Никогда не знаешь, что говорить людям, которые потеряли кого-то близкого. Я никогда не мог понять, как можно их утешить, да и нужно ли утешать. Сказать, что они погибли не напрасно? Что они спасли этим множество гражданских людей? Но не думаю, что от этого хоть кому-то станет легче. Да, это важно, это понятно, но разве может гордость за подвиг своего сына, брата или мужа хоть немного заглушить ту сквозную дыру в сердце, что появилась после потери любимого человека? Разве может она сделать тебя менее одиноким, когда ты понимаешь, что больше никогда не увидишь дорогих для тебя черт лица, не услышишь голоса, который ты привык слышать годами, изо дня в день? Думаю, многие и не понимали важность для них этого человека, как мы не понимаем важность своих конечностей, пока их не потеряем. Это странно — не быть способным даже встать на ноги, потеряв несколько процентов от массы тела, немного мяса, сухожилий и костей. Ты никогда не представляешь, что они тебе настолько нужны. И так же ты не представляешь, как будет тяжело без какого-то человека, общество которого уже давно стало обыденностью и казалось чем-то вечным и постоянным.
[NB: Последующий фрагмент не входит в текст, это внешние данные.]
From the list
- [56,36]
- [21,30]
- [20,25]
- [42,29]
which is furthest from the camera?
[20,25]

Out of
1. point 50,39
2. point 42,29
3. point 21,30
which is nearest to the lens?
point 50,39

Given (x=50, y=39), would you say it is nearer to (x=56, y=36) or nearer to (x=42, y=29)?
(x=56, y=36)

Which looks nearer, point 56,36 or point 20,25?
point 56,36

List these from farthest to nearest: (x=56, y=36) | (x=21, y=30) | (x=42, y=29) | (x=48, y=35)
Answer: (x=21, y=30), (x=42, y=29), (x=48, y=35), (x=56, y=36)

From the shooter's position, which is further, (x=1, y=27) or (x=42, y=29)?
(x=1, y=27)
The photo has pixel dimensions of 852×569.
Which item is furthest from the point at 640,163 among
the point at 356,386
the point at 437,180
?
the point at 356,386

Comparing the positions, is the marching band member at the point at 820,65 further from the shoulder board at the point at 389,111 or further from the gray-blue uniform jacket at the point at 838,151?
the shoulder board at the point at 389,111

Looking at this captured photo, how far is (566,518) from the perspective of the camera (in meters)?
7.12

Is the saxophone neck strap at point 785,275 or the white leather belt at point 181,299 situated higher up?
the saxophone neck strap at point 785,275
После потери ноги я пытался найти в этом что-то забавное и смешное. Первое, что я выложил на свой канал после ранения, была фотография, на которой запечатлены две мои ноги, гора противотанковых мин и тротиловая шашка в руке с надписью: «Я думал, что у меня с моей ногой все серьезно, возможно, даже навсегда. Но позавчера она меня покинула». Смех как-то отвлекал, не давал погружаться в жалость к себе и обиду на весь окружающий мир. Но люди, которые потеряли близкого человека, не могли себе позволить даже этого. Жена Латыша, которая писала мне время от времени. Сестра Донского, которая тоже задавала мне вопросы о брате. Все это выбивало из колеи, пожалуй, даже сильнее, чем новости о самих потерях. Добровольцы были готовы погибнуть на этой войне за Россию. Их близкие не были готовы к тому, что их родные уйдут из жизни на этой войне, неважно даже, во имя чего.
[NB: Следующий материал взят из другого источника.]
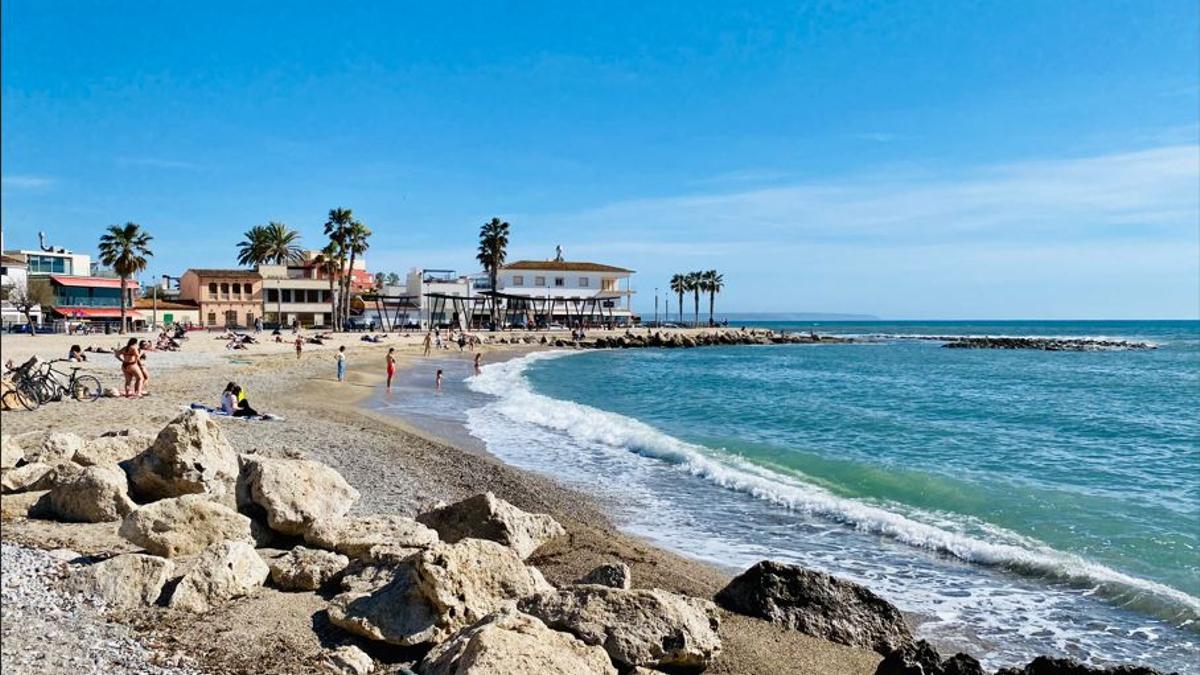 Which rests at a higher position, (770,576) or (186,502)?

Но попытка бравировать на своем канале не означала, что обиды и осознания потери не было вообще. Ярче всего я это понял уже ночью, когда пребывал в том же положении — в ожидании, в попытках забыться, отключиться, как можно сильнее сократить время до встречи с Алиной и родителями. Оставались считаные часы, поезд из Москвы приближался к Ростову, но спать я не мог. У меня скакала температура, мне ломило спину, и в довершение проснулось желание сходить по-большому в туалет, чего я не делал с момента пребывания в Угледаре.